Kelly Hunter Shares an Exclusive Deleted Scene from Casey!

Congratulations to Jenny S! You are the winner of the Tule newsletter giveaway. Please PM info@thetulegroup.com to claim your prize. 

1. Describe your hero, Casey, in three words.

Determined (stubborn), physical (sensual), protective (always).

2. What kind of research went into writing this story? What was the most interesting information that you discovered about the sport or the circuit?

In the name of research and integrity I crossed the Pacific on the back of a turtle, landed in Seattle, went to Montana, home of my hero, caught up with other authors writing for the American Extreme Bull Riders Tour, and ended up in Deadwood South Dakota when the PBR was in town.


What I learned:

  • The American Anthem is hard to sing. You start from B flat and you need a range of an octave and a half to get the F in ‘free’. Kudos to those who can. All hail Whitney and Beyonce.
  • Bull riders are young … (alt version: I might be getting old)
  • And short (alt version: I’m getting taller with age and I was tall to begin with).
  • This is a Colosseum sport. Those eight seconds are brutal.
  • Those bulls are athletes and competitors and they’re treated very well. Says the former Aussie farm girl…

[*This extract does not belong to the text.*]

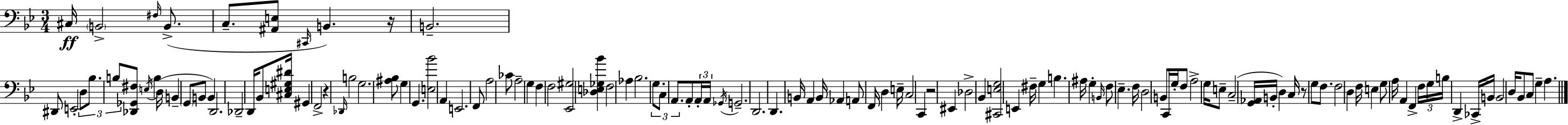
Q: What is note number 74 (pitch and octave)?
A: F3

3. What was the toughest scene for you to write?

Spoiler alert:

My heroine almost loses her baby early in her pregnancy and winds up in hospital. She hasn’t told anyone she’s pregnant, including the hero, but it all comes out. That moment when she realizes she wants this baby, this future, and she wants it hard. She wonders what she’s done wrong, whether it’s punishment … That was a hard scene to write.

4. Can you share a deleted scene from the book?

My motherless heroine is a stock contractor’s daughter. She’s criss-crossed America on the rodeo tour with her father since she was four-years-old. She sees her hero every second weekend—provided their schedules coincide.

 

As an author with togetherness in mind what do my characters do in that down time between tour dates? Go to bed for two weeks? Get put on ice? I decided my heroine might phone my hero. Here’s the result. I like it. Not sure I’ll keep it.

 

It was nine at night and her father was asleep and Rowan was in her room, with her dress on and her boots on and nowhere to go, a tube of mascara in her hand and one eye looked good and the other eye looked like she’d been in a fight and who was she kidding? She needed makeup lessons—the internet directions simply weren’t cutting it.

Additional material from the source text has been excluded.